▸ **Source data**
*** Block opens ***
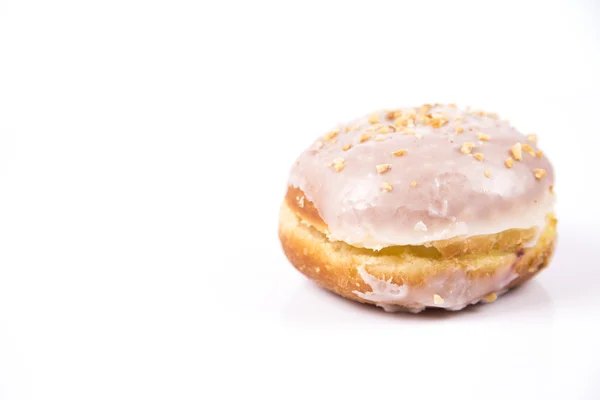 Свежие пончики на белом фоне — стоковое фото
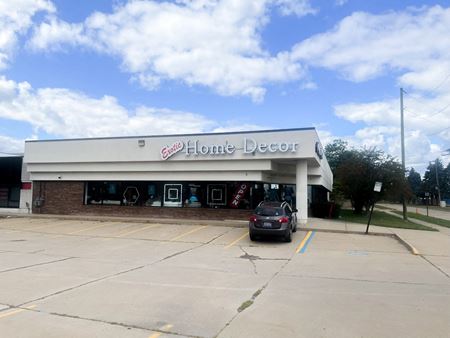 Photo of commercial space at 31499 John R Road in Madison Heights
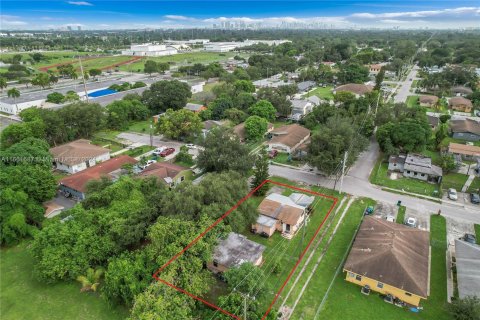 Propiedad comercial en venta en Miami, Florida, 118.54 m2 № 1368937 - foto 22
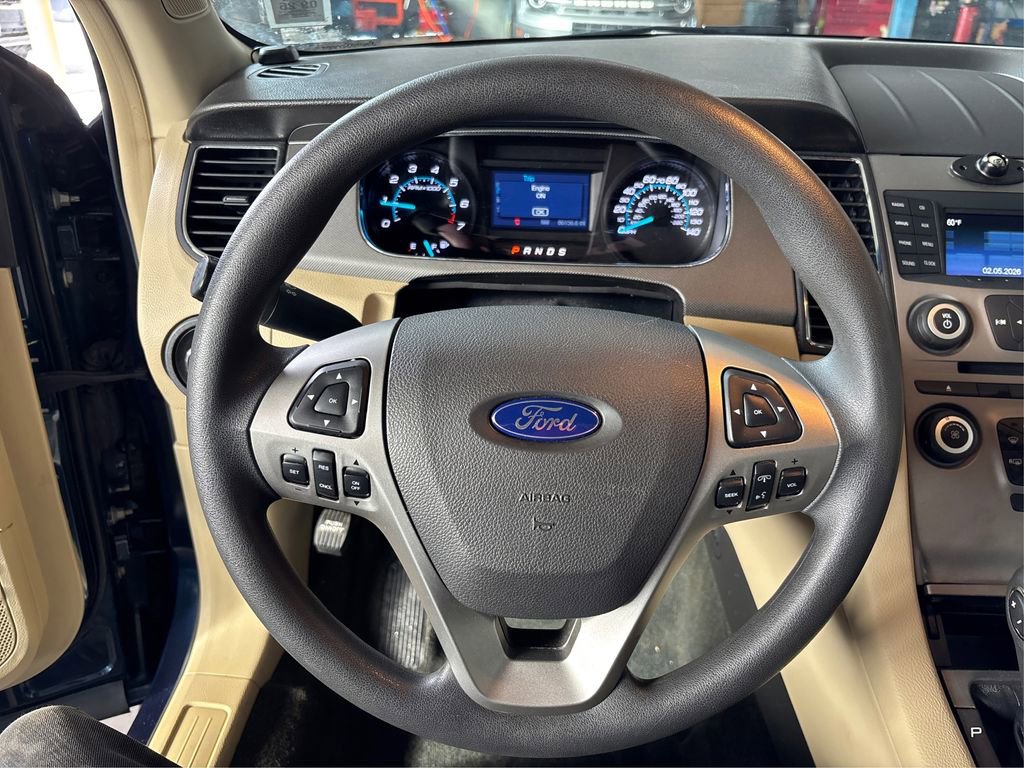 Used 2017 Ford Taurus SE image 22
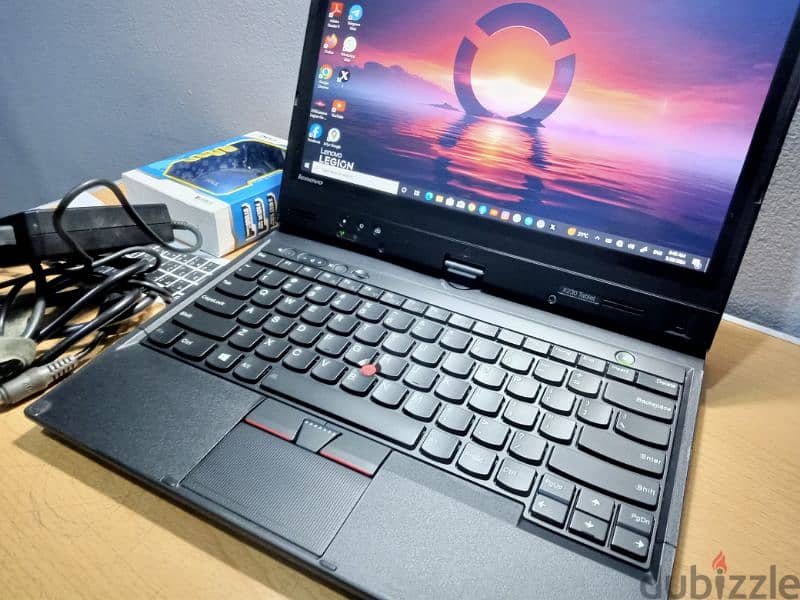 Lenovo Thinkpad core i7 تاتش سكرين بالقلم بتاعه 12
*** Block closes ***
▸ **WHAT YOU HAVE TO DO**
In the data above, please extract the lines from the first one through the line with "Used 2017 Ford Taurus SE image 22", exactly, and keep pictures out.

▸ **ANSWER FOR THE TASK**
 Свежие пончики на белом фоне — стоковое фото
 Photo of commercial space at 31499 John R Road in Madison Heights
 Propiedad comercial en venta en Miami, Florida, 118.54 m2 № 1368937 - foto 22
 Used 2017 Ford Taurus SE image 22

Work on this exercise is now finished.